2.- Col secondo motivo si deduce violazione e falsa applicazione dell’art. 195 c.p.c. in relazione l’art. 360 c.p.c., n. 5, per omesso esame di un fatto decisivo che è stato oggetto di discussione tra le parti in quanto la sentenza impugnata doveva ritenersi assolutamente erronea nella parte in cui aveva omesso di esaminare i rilievi formulati dal CTP in corso di redazione dell’elaborato peritale e ribaditi con le note difensive depositate prima dell’udienza di discussione.

3.- Col terzo motivo si deduce violazione e falsa applicazione in relazione all’art. 360 c.p.c., n. 5, per omesso esame di un fatto decisivo che è stato oggetto di discussione tra le parti sotto altro profilo.

4.- I motivi di ricorso, da esaminare unitariamente per connessione, sono inammissibili, in quanto le censure ivi sollevate si risolvono – in una ipotesi di doppia conforme – esclusivamente in un riesame di merito, non ammesso in questa sede, in ordine all’accertamento della percentuale di invalidità rivestita dal ricorrente; accertamento che i giudici di merito, aderendo alle motivate conclusioni dei ctu, hanno determinato in una percentuale insufficiente per il riconoscimento del requisito sanitario dell’assegno ordinari di invalidità.

5.- Il ricorso, in ogni caso, sotto le mentite spoglie del difetto logico o del vizio di legge, domanda in effetti a questa Corte un riesame del materiale istruttorio a cui ha già provveduto, nell’esercizio dei poteri riservatigli dall’ordinamento, il giudice del merito, e rispetto al quale il controllo potrebbe vertere sulla logicità e sulla completezza della motivazione ma mai sulla correttezza degli esiti del giudizio.

6.- Le censure sollevate nei motivi di ricorso si condensano pure nell’espressione di un mero dissenso diagnostico volto a contestare nel merito la decisione impugnata, attraverso una generalizzata censura formulata in base ad una valutazione di parte; si tratta pertanto di censure da ritenersi inammissibili siccome, per consolidato orientamento di questa Corte, la sentenza che abbia prestato adesione alle conclusioni del consulente tecnico d’ufficio può essere contestata in Cassazione soltanto in caso di palese devianza dalle nozioni correnti della scienza medica, la cui fonte va indicata in ricorso, o nell’omissione degli accertamenti strumentali dai quali, secondo le predette nozioni, non può prescindersi per la formulazione di una corretta diagnosi; mentre al di fuori di tale ambito la censura costituisce appunto un mero dissenso diagnostico che si traduce in un’inammissibile critica del convincimento del giudice.

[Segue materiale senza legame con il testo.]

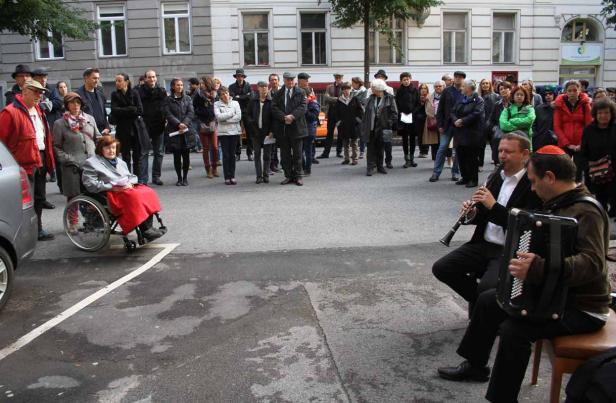 Zwei Musiker spielen Klarinette und Akkordeon vor einer Menschenmenge auf der Straße.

7.- Va altresì rilevato che i rilievi critici di parte erano stati pure sollevati all’interno della procedura di espletamento della ctu, sicchè non si configura neppure alcuna violazione del contraddittorio. Gli ulteriori rilievi critici e la richiesta di rinnovo della ctu, dopo il suo espletamento, sono stati dichiarati inammissibili, in conformità ai poteri discrezionali del giudice di merito dato che la consulenza tecnica d’ufficio è mezzo istruttorio sottratto alla disponibilità delle parti ed affidato al prudente apprezzamento del giudice di merito, rientrando nel suo potere discrezionale la valutazione di disporre la nomina o il rinnovo dell’ausiliario giudiziario e la motivazione dell’eventuale diniego può anche essere implicitamente desumibile dal contesto generale delle argomentazioni svolte e dalla valutazione del quadro probatorio unitariamente considerato effettuata dal suddetto giudice (cfr. Sez. 1, Sentenza n. 15219 del 05/07/2007).

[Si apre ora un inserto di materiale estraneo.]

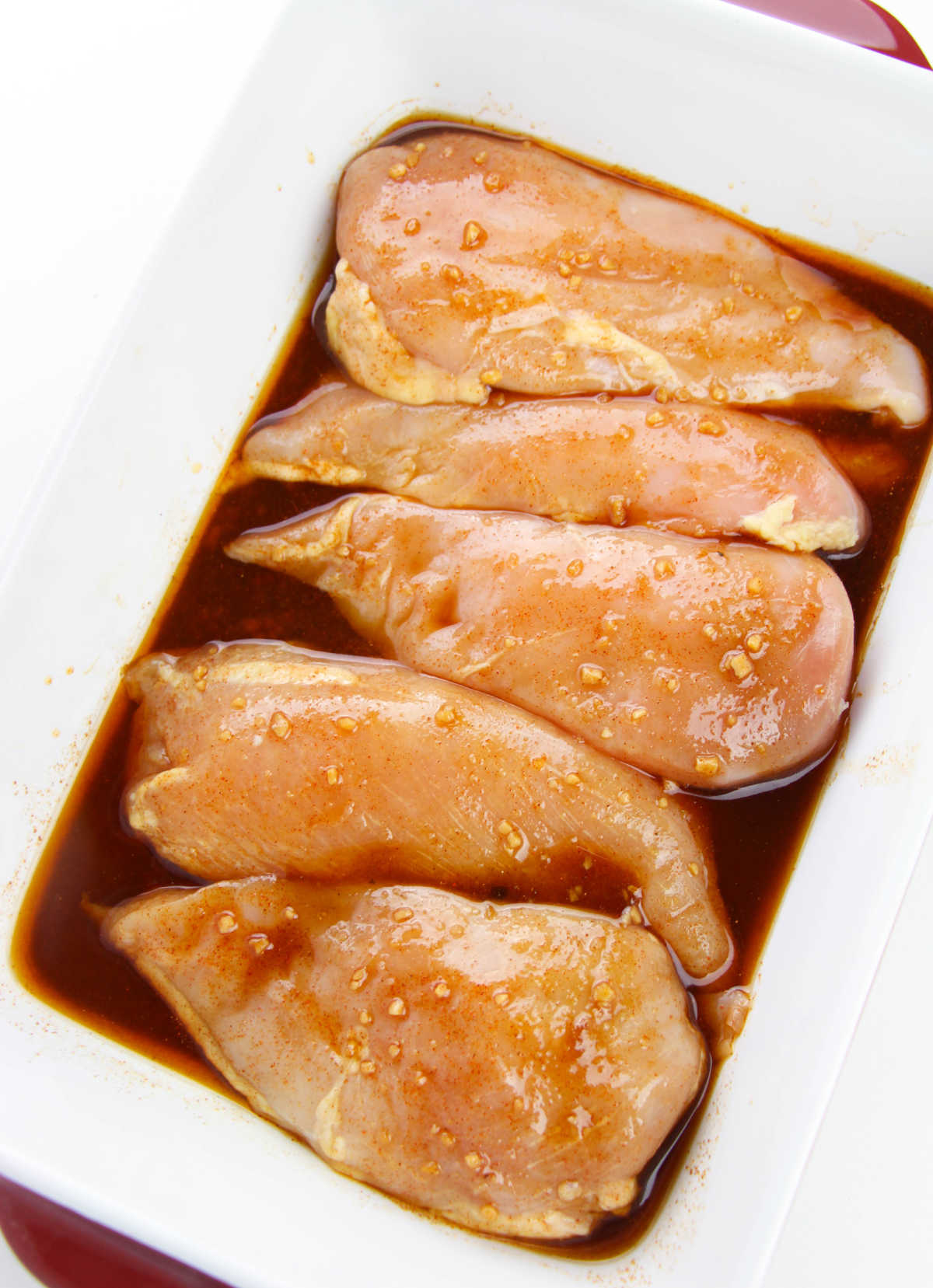 Chicken soaking in marinade.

8.- Per le considerazioni che precedono il ricorso deve essere dichiarato inammissibile. Nulla spese ex art. 152 c.p.c. Sussistono i presupposti processuali di cui al D.P.R. n. 115 del 2002, art. 13, comma 1 quater.QM

P.Q.M.

Dichiara l’inammissibilità del ricorso. Condanna il ricorrente al pagamento delle processuali liquidate in complessive Euro 2200, di cui Euro 2000 per compensi professionali oltre il 15% di spese generali ed accessori di legge. Ai sensi del D.P.R. n. 115 del 2002, art. 13, comma 1 quater, dà atto della sussistenza dei presupposti processuali per il versamento, da parte del ricorrente, dell’ulteriore importo a titolo di contributo unificato pari a quello, ove dovuto, per il ricorso a norma dello stesso art. 13, comma 1 bis.

Così deciso in Roma, all’adunanza camerale, il 25 febbraio 2020.